Sadly, hate conquers all in West Side Story, but the love we see and feel can hold its own. Though over a half-century old, the Bernstein/Laurents/Sondheim/Robbins tour-de-force is, like its Shakespearean source, young as first love. You don’t revive it, you detonate it, as happens repeatedly in Drury Lane’s dynamic production, which thankfully has already been extended (it’s the fastest-selling production in the company’s 30 year history).

(L to R) John Marshall Jr., Lucas Fedele, Cameron Edris, Adrian Aguilar, Carl Draper, Ryan Fitzgerald

Bernstein packed coiled energy into every song, alternating the testosterone territoriality of these gangs of New York with “Tonight” and “Somewhere,” ballads that are radiant with other-worldly beauty. The musical walks the edge between stinking streets that threaten instant death and the unearthly idealism of Tony and Maria, who enjoy two days of eternity before hate triumphs over love. The extremes here are too different not to destroy each other.

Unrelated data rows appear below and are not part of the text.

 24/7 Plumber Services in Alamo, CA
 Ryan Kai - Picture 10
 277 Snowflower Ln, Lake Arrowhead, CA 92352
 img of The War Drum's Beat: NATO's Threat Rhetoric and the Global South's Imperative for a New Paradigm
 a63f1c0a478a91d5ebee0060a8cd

(L to R) Glenn M. Snellgrose II, Isaiah Alatorre, Tommy Rivera-Vega, Lucas Segovia, Todd Rhoades, Anthony Avino, Chip Payos

Strangely enough, West Side Story feels more dated than Romeo and Juliet, its 500-year-old inspiration. Quaint juvenile delinquents compared to today’s drive-by gangster-wannabes, the Jets and Sharks request each other’s permission to use switchblades at their rumble: Their worst epithet is “buggin” or “Krup you!” Compared to Shakespeare’s dedicated tragedy, the musical is also less violent, claiming only three lives to the Bard’s five (although, in the second act, one character barely escapes being raped).

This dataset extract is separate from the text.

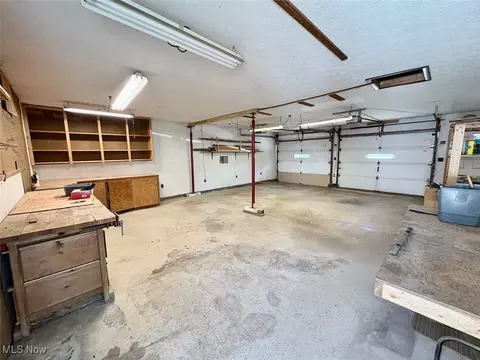 3715 Liberty St, Ashtabula, OH 44004 photo 27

(L to R) Adrian Aguilar and Rhett Guter (standing), Deanna Ott and Cameron Edris (at door), John Marshall Jr. (sitting), Roger Mueller (standing)

More trenchantly, both works proclaim the power of love to consume and to cure. Powerfully enacted, they unleash a ton of energy, especially given the necessity for young casts. A riveting revival by the always excellent Rachel Rockwell, this sizzling staging plays the heartbreak as if Romeo and Juliet never happened. Everything in this production makes a great musical a new one. Happily, unlike the most recent national tour, Rockwell eliminates librettist Laurents’ decision to use copious Spanish in the scenes and songs by the Sharks and their supporters. (That bi-lingual touch may have reinforced the differences between the clashing communities on stage, but inevitably between Blancos and Latinos in the audience as well; confusing and distracting, it was more trouble than it was worth.)

(Back turned) Rhett Guter, (Middle) Lucas Segovia, (Left side) Jim DeSelm with cast

Designer Scott Davis focuses the action under a huge overpass, with descending ironwork, where the rumbles will erupt (conveyed in a vintage photo projection). Equally essential are the all-important fire-escape balcony and the sprawling school gym where the hormonal lovers meet, as well as vacant lots where the gangs clamber over chain-link fences to rampage at will.

Rhett Guter and the cast

Faithful to the sexy strutting of Jerome Robbins’ original dances but emphasizing the athleticism over the romanticism of these violent mash-ups, associate director Rhett Guter’s choreography reprises the hot jazz in “Cool,” sets fire to the menacing “Mambo” in the gym, and turns the haunting “Somewhere” dream ballet into a redemptive promenade for peace.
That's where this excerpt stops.